Filter the records for lines holding the string "Jewelry".

Caption-style text data:

=== Begin Enclosure ===

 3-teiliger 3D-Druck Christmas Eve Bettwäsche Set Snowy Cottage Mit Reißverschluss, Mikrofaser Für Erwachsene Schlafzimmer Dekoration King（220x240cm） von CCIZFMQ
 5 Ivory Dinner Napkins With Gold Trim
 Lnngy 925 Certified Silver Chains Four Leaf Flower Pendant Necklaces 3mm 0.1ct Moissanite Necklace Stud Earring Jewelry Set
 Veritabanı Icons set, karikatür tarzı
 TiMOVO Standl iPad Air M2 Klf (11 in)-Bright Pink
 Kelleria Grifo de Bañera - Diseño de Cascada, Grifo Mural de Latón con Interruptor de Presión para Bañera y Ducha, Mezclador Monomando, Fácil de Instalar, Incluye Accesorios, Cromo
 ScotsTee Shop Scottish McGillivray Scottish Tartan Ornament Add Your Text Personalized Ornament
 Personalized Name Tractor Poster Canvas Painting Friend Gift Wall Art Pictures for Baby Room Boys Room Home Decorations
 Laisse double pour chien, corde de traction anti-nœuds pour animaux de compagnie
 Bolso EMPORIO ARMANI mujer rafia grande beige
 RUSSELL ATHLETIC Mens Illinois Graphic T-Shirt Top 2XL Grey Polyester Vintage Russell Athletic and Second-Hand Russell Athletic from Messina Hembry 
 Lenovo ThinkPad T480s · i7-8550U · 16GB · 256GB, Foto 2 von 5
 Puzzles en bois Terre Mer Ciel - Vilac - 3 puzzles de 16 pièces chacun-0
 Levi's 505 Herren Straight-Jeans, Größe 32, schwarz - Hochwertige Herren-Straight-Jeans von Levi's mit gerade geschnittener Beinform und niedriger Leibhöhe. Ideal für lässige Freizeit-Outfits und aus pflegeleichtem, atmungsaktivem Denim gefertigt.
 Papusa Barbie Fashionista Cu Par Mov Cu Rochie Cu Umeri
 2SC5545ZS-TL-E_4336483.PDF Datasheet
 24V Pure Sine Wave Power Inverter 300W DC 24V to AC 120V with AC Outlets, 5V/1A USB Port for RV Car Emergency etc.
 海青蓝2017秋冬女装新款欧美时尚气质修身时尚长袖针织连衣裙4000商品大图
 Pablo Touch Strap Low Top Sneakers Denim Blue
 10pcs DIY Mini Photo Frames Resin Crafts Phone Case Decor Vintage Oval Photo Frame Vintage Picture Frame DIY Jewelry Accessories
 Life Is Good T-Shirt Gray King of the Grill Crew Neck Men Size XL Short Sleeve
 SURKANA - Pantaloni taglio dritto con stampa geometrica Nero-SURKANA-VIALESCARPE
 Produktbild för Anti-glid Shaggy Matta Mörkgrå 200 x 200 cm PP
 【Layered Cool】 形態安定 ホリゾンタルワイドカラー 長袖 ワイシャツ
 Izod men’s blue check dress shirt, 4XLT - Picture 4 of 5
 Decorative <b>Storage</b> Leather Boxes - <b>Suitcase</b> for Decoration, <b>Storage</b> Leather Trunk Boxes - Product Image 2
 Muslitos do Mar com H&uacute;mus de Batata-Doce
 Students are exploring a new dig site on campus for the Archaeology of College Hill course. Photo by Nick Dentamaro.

=== End Enclosure ===

## Exercise result:
 Lnngy 925 Certified Silver Chains Four Leaf Flower Pendant Necklaces 3mm 0.1ct Moissanite Necklace Stud Earring Jewelry Set
 10pcs DIY Mini Photo Frames Resin Crafts Phone Case Decor Vintage Oval Photo Frame Vintage Picture Frame DIY Jewelry Accessories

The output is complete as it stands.